These tools are scripts to analyze language text corpora by creating word pair observation atoms for language processing and then analyzing the word pairs to create mutual information pairs. Further processes allow the generation of mutual information-based parse trees connected by high-mi pairs using a heuristic greedy maximum spanning tree alogorithm.

These tools interface to the C++ versions of observe and parse which are replacements for the observe-text and mst-parse scheme functions. The "observe" and "parse" tools have been implemented as CogServer Request handlers. This was done so that the workflow could stay as similar to the scheme-based text processing tools. The scheme-based tools use Bash shell and perl scripts to split Wikipedia and other text corpora into sentence files and then process those files by sending commands to generate word-pair observation atoms in the CogServer.

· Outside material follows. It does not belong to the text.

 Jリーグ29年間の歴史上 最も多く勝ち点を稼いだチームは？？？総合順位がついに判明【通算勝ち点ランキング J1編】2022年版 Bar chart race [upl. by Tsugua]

The scripts in this repository are analogous except they replace the calls to scheme functions with custom request handlers in the CogServer which process sentences using pure C++ and no scheme. These request handlers implement the keywords "observe" and "parse" on the CogServer.

Observe

The observe command takes a sentence and creates word-pair observation atoms for all word pairs up to pair_distance words away from each other in the sentence.

It has several options:

Observe the sentence and create corresponding language learning atoms
Usage: learn [-pair_distance <limit>] "<sentence-in-quotes>"

Create language learning atoms for the sentence. Optional flags are:
    -pair_distance <limit>    Create pairs up to <limit> distance apart (default 6).
    -quiet                    Do not return status over telnet.
    -noop                     Perform no op-erations (useful for timing).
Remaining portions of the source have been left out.